Goal of the exercise:
Please write out all the data that follows exactly, without the pictures.

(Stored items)
........

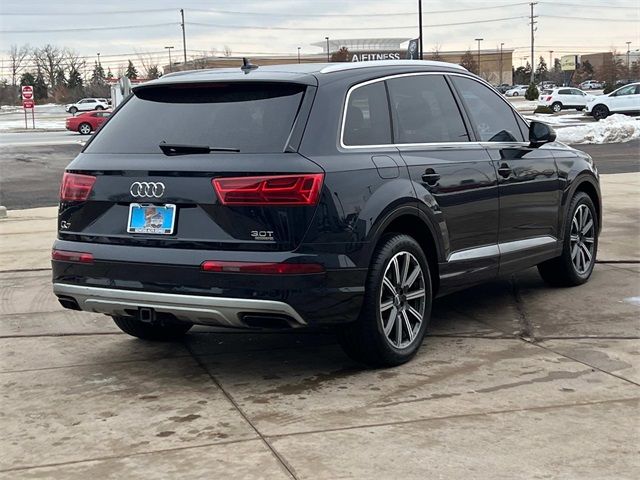 2017 Audi Q7 Premium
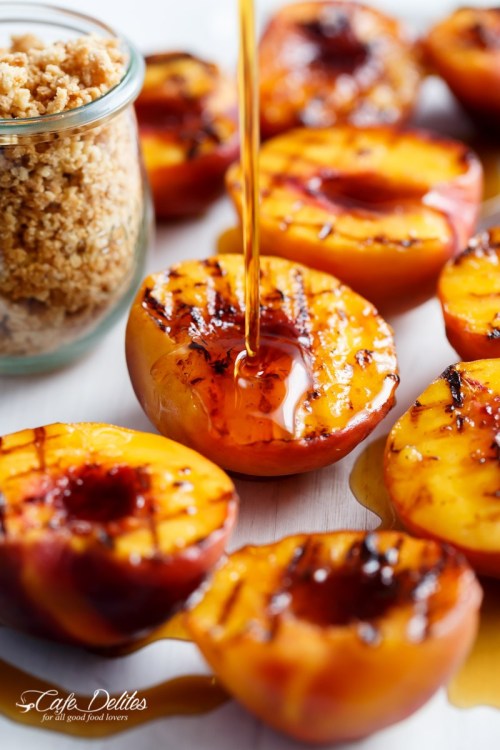 foodffs:  MAPLE GRILLED PEACHES ALMOND COOKIE CRUMBReally nice recipes. Every hour.Show me what you cooked!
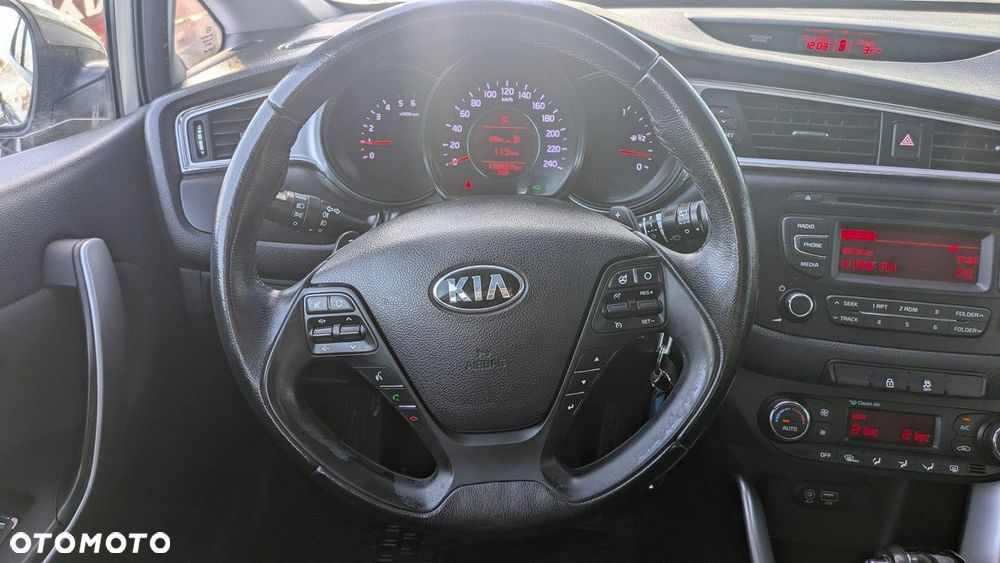 Kia Ceed - 19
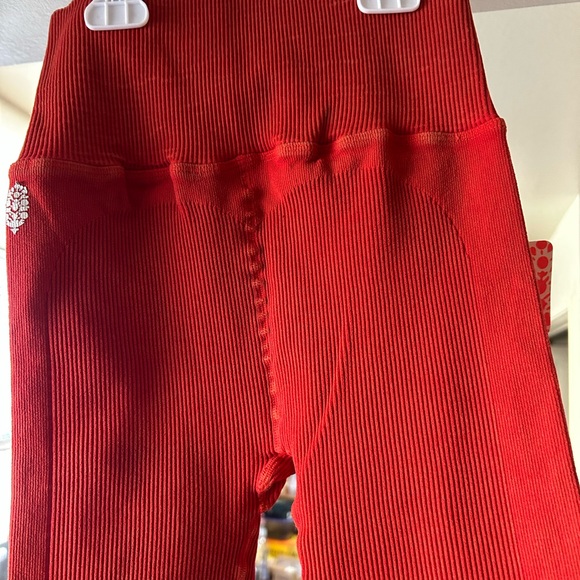 NWT Free People Movement 7/8 Ribbed Leggings M/L Coral / Bright Orange NEW - Picture 3 of 6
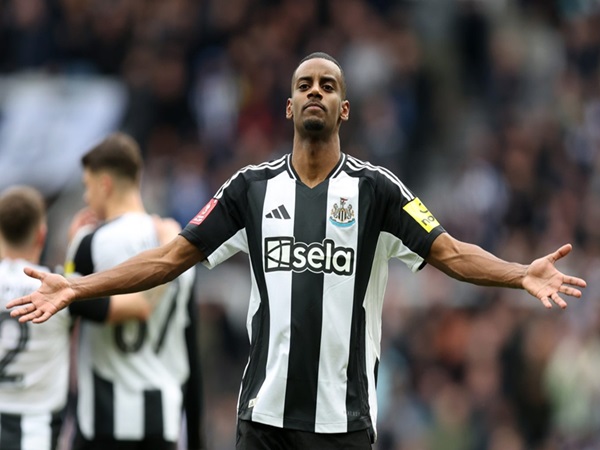 Manajemen Barcelona Sepakat Keluarkan Biaya untuk Striker Swedia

........

Result for this exercise:
 2017 Audi Q7 Premium
 foodffs:  MAPLE GRILLED PEACHES ALMOND COOKIE CRUMBReally nice recipes. Every hour.Show me what you cooked!
 Kia Ceed - 19
 NWT Free People Movement 7/8 Ribbed Leggings M/L Coral / Bright Orange NEW - Picture 3 of 6
 Manajemen Barcelona Sepakat Keluarkan Biaya untuk Striker Swedia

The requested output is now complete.